DATA FOR REVIEW

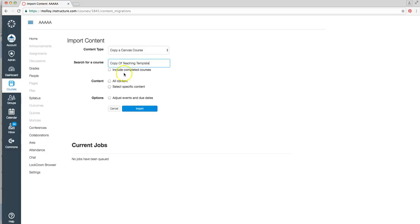You now have the choice to add all content or select specific content. For today's demonstration, I'll do all content. And then you would select Import.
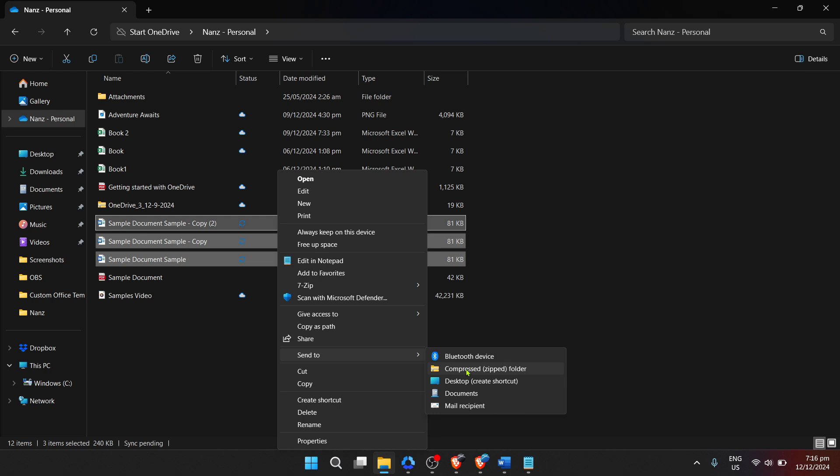it's a universal method that works across different operating systems, making it a versatile skill to have. To summarize, working with zipped files is an excellent way to keep your digital workspace clean and efficient. Remember,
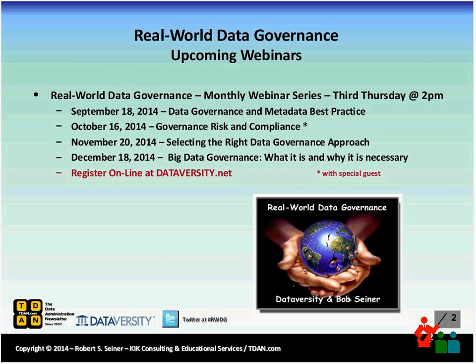I wanted to do a quick plug for the upcoming webinars in the series. Next month we'll be doing Data Governance and Metadata Best Practice. The month after, Risk and Compliance: Selecting the Right Approach. And then Big Data Governance — what it is, why it's necessary, and is it even such a thing, or is it just the governance of big data?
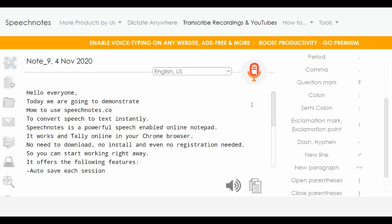Now when we are done with the corrections part, we can click on the speaker button here to use that text-to-speech feature. Let's see how.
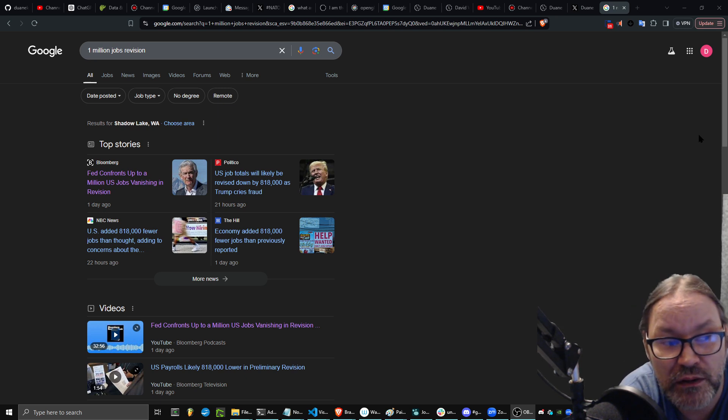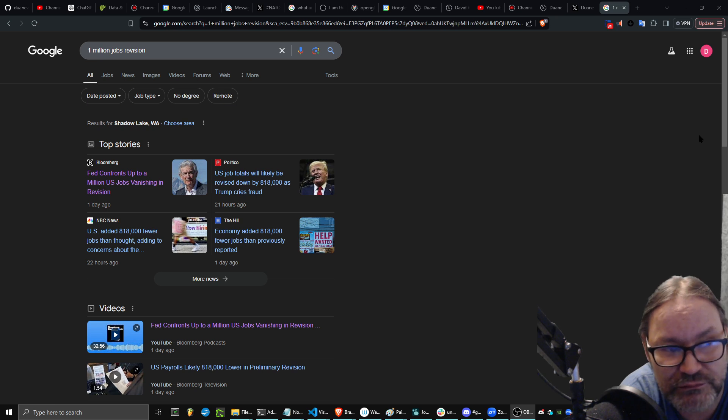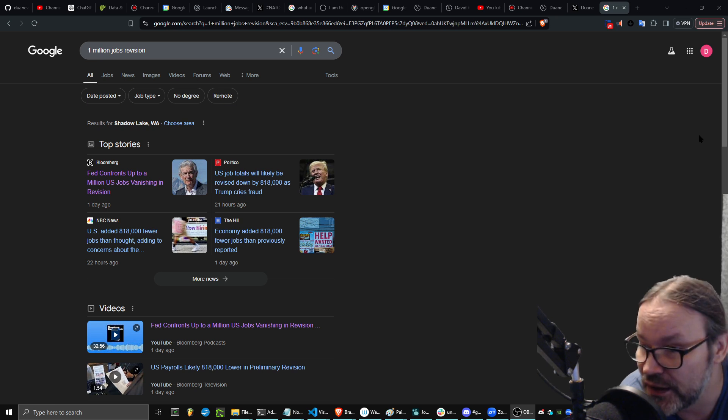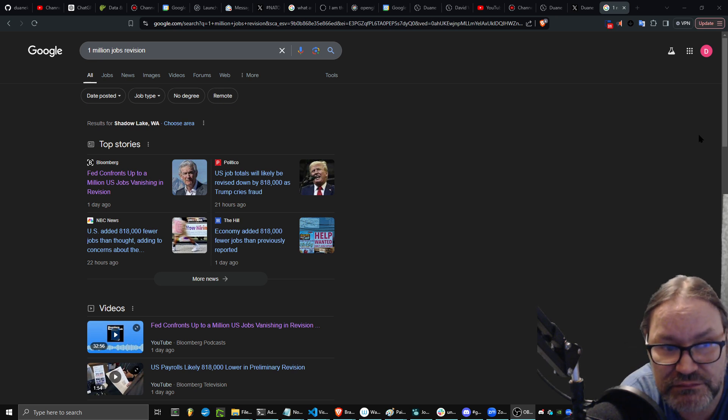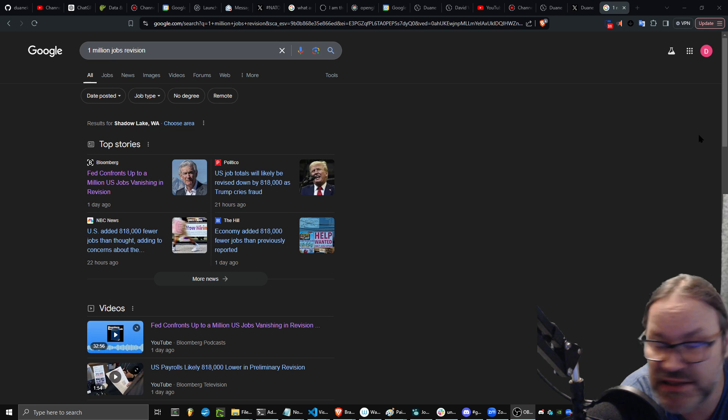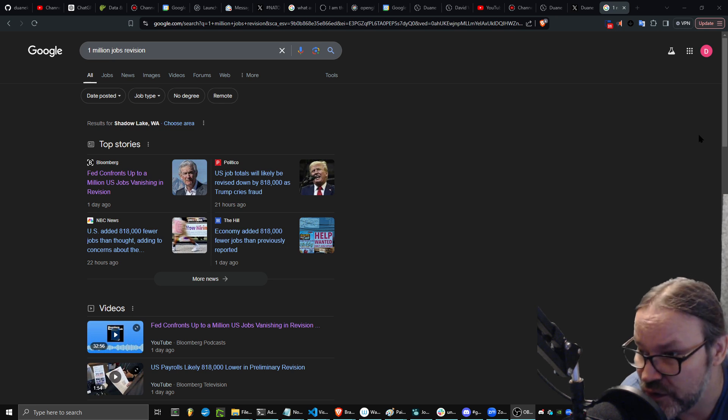As you can see, I've definitely been clicking on some of these links. And it's as bad as they say it is, and I suspect it's a lot worse.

WHAT IS NEEDED
Go back to the line that contains "it's a universal" and copy it, along with each line after it through the end of the listing above, exactly and without pictures.

RESPONSE TO THIS TASK
it's a universal method that works across different operating systems, making it a versatile skill to have. To summarize, working with zipped files is an excellent way to keep your digital workspace clean and efficient. Remember,
I wanted to do a quick plug for the upcoming webinars in the series. Next month we'll be doing Data Governance and Metadata Best Practice. The month after, Risk and Compliance: Selecting the Right Approach. And then Big Data Governance — what it is, why it's necessary, and is it even such a thing, or is it just the governance of big data?
Now when we are done with the corrections part, we can click on the speaker button here to use that text-to-speech feature. Let's see how.
As you can see, I've definitely been clicking on some of these links. And it's as bad as they say it is, and I suspect it's a lot worse.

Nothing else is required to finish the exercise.